I’d love to go back to eighth grade and drop an atomic bomb on the girl who told me my ideas were stupid, and to shut my fat mouth before she smacked it.

For the first week Andy seemed a little hesitant. He made it out like he was waiting for the right moment, but I thought maybe the idea of souring everything felt wrong to him. He had friends in various countries and tribes. He’s a sweet soul who feels uncomfortable when the people he cares about are uncomfortable. In the car after school my desire to live vicariously as a person who not only eschews the fence but blows it up entirely grew stronger each time he told me he was waiting for the right moment to strike.

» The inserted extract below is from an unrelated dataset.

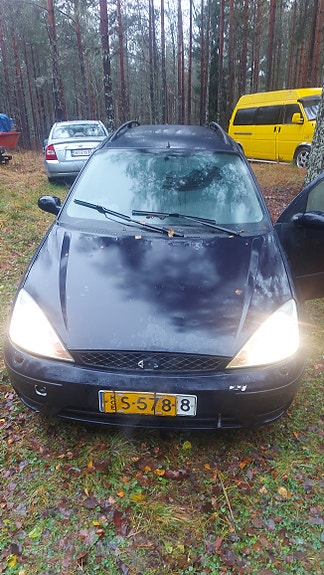 Ford focus osina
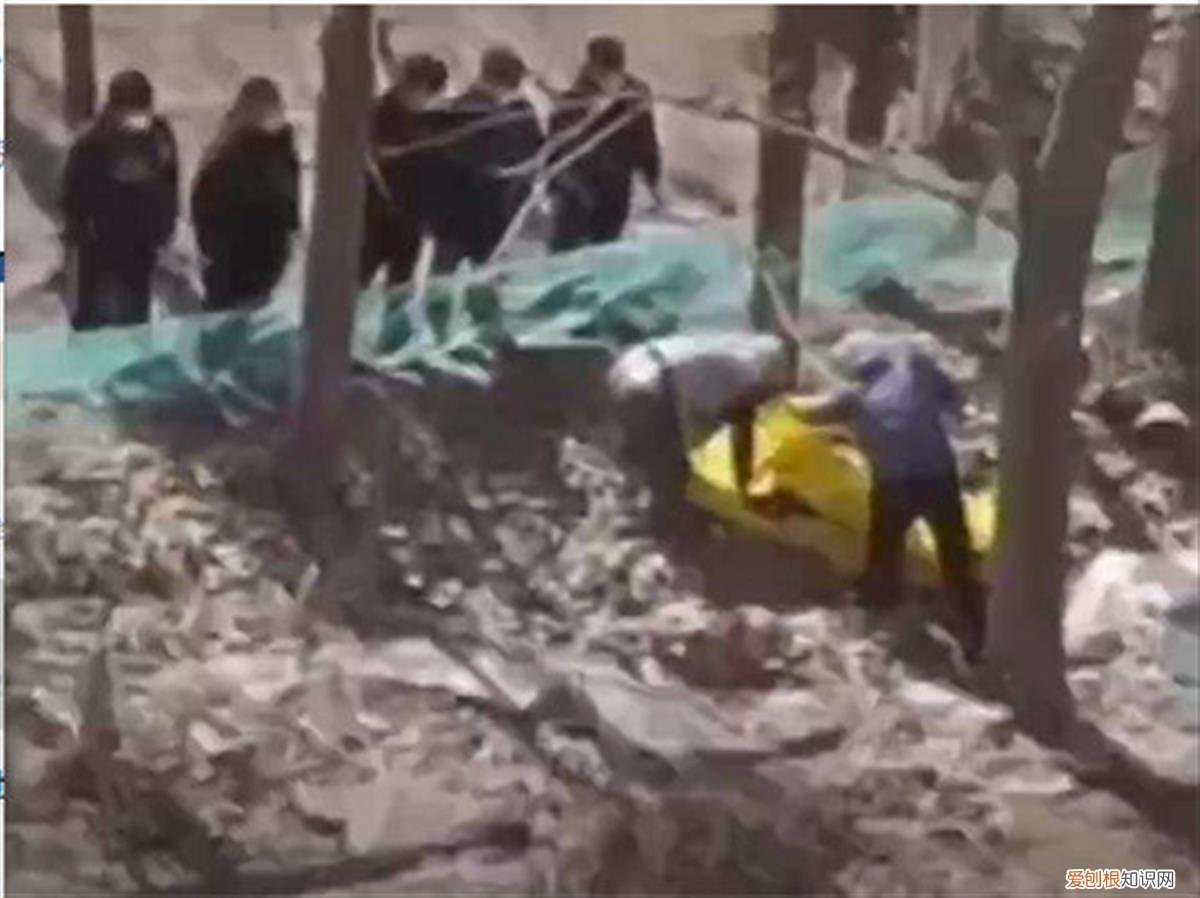 河北保定警方悬赏2万抓捕69岁嫌疑人，知情人：有人在树林里遇害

Waiting for the right moment. I’ve said that many times as a way to justify inaction. When I don’t want to take a side or take a stand, I pull the I’m waiting card. And I worried that Andy might do the same.

And then one Tuesday he got into the car with a fat-cat smile.

“How was school?” I asked him.

“Oh, it was great,” he said. And continued to grin.

“What happened?”

“Well,” he said. “The members of my tribe were real jerks today.”

“Oh buddy,” I said. “I’m so sorry.”

“Yeah. They were so mean. They told me I was going to ruin everything.” He smirked. “So I just decided I would.”

I held my breath for a second. “And?” I asked.

Andy, saboteur extraordinaire

“I poisoned my own tribe’s water.” The smirk turned into a toothy grin as he leaned back against the seat and added, “Some of them burst into tears.”

Apparently, I won’t be plucking splinters out of Andy’s bum after all.

 

 

One Reply to “Doormats, Weasels, and Jerks”

  1. Haha! Nice job, Andy! Don’t let the bastards (or jerks) get you down. I have friends who hammered lengths of rebar in their lawn to stop vindictive neighbors from driving on it. Just a thought.